So, on the Memorial Tape when Jimmy H. Woo is doing forms, he primarily does them from that exact same stance that Jack Sera overtly taught.

Watch the Memorial Tape again, and see for yourself.

Whole thread about Pope viewtopic.php?t=255&highlight=pope

Captain America wrote:Make what you will of this version of history, but the Woolsey boys always maintained that the art was watered down in Jimmy H. Woo's school in the early 1970s.

So did Frank Woolsey, himself. When Charlie Pope visited TMI, he talked about the last time Frank Woolsey went to get a private lesson from Jimmy H. Woo. Frank Woolsey came back to the studio, and ripped down the pictures of Jimmy H. Woo, and cursed, as he was so upset that he had been taught what he considered a watered down lesson. And the check he had written to Jimmy H. Woo, he canceled it, and it bounced when Jimmy H. Woo tried to cash it. That was one of the final nails in the coffin of their previous relationship.

"Jim and Frankie" (their names for each other) had a chance meeting many years later (circa 1986); long after Frank Woolsey was out of Kung-Fu San Soo, and basically mended the past feud, but only a few folks had knowledge of that event. And it meant nothing to San Soo, anyway. The two men had a several year history together (close history together) and it was basically a smoothing over of past hurts. Jimmy H. Woo was like a second father to some of his students, and Jimmy "loved" them even when they were jerks. And Frank Woolsey could be a jerk. But Frank Woolsey always respected Jimmy H. Woo also; even when he was upset at Jimmy. Again, the father-son thing.

Robert Resann wrote:From: Robert @TMI (rresann) 3/28/2001 1:03 am
To: ALL (1 of 6)

Kung-Fu San Soo people call Charlie Pope a "street brawler," a "street thug."

These terms are used derisively to separate him from the "true martial artists" that most of you all, are thankful that populate the class of San Soo instructors.

Sean Scott and I -- and for that matter a bunch of you readers -- have noticed the following irony, even if you do not particularly want to admit it.

Don't you folks see the delicious irony here? Just what do you think Jimmy H. Woo's reputation was among the NON - San Soo community back during the Sixties and Seventies.

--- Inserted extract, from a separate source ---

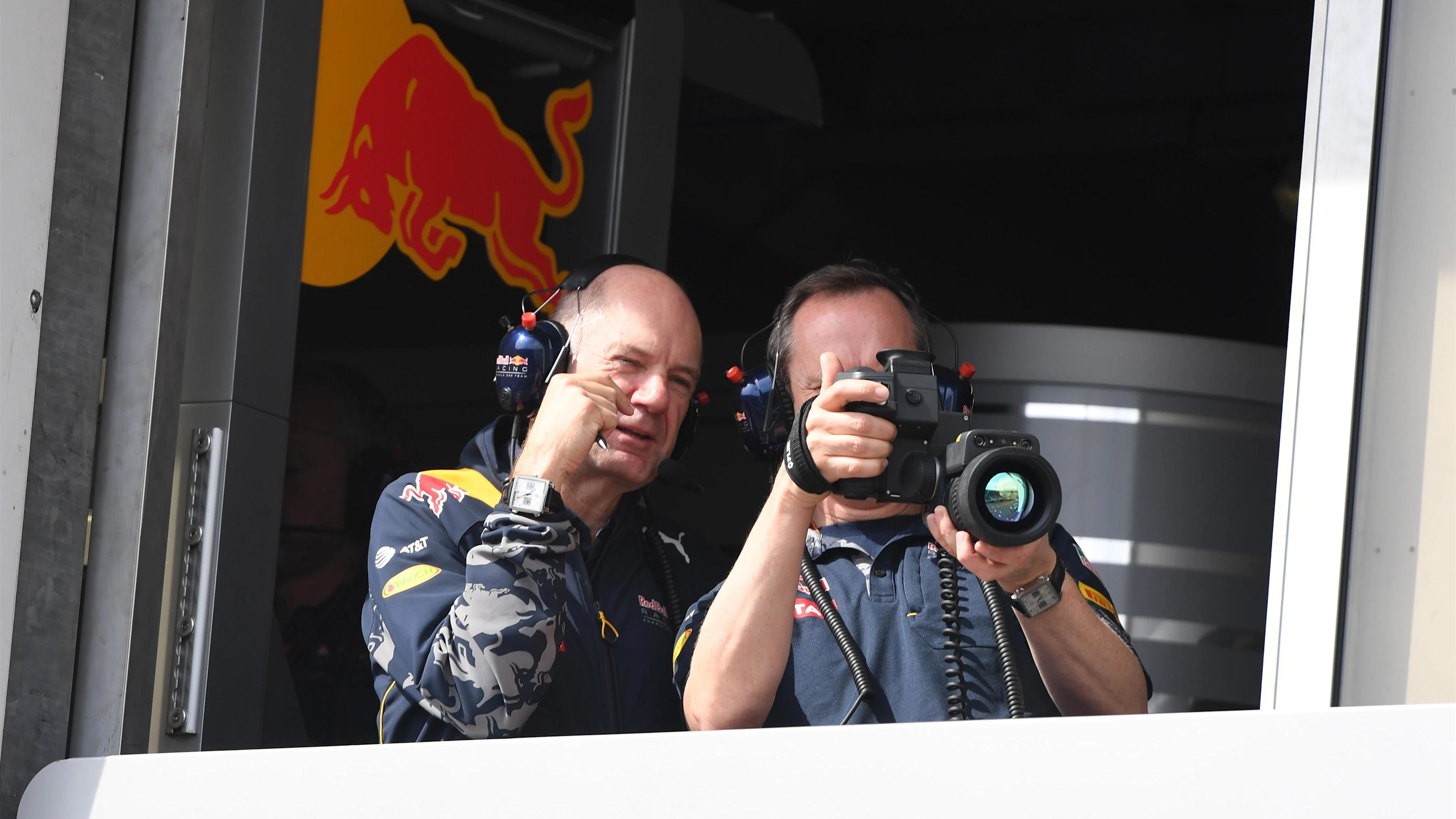Adrian Newey (GBR) Red Bull Racing and Paul Monaghan (GBR) Red Bull Racing Chief Engineer with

If you don't know, or cannot guess, the terms "street brawler" and "street thug" were used regularly by people who knew him, but did not know he was a Kung-Fu San Soo instructor; and by virtually ALL of the Martial Arts community who DID know he was a teacher. That was the rap on Kung-Fu San Soo -- "Just street brawling."

The Kung-Fu San Soo community was looked down upon as the low rent, peasant class of the martial arts community. At the same time, no one wanted to mess with Jimmy H. Woo or San Soo people in general, because what we did was "unfair dirty street fighting," but we were "peasants" to them just the same. They, on the other hand, were "artists."

My, how times have changed. Now Kung-Fu San Soo people say, "Me too, I'm an artist. Look at me, I'm an artist. I think people like Charlie Pope are behind the times. He is a street brawler, and I'm an artist."

Blah, blah, blah...

As Sean Scott asked in his post "Keeping it real," just why the heck did you take Kung-Fu San Soo in the first place? You took it for what attracted you about it:

Namely, it is right to the point, end it now, take no prisoners, and we don't cut to the chase, we cut to the crash approach to mortal combat.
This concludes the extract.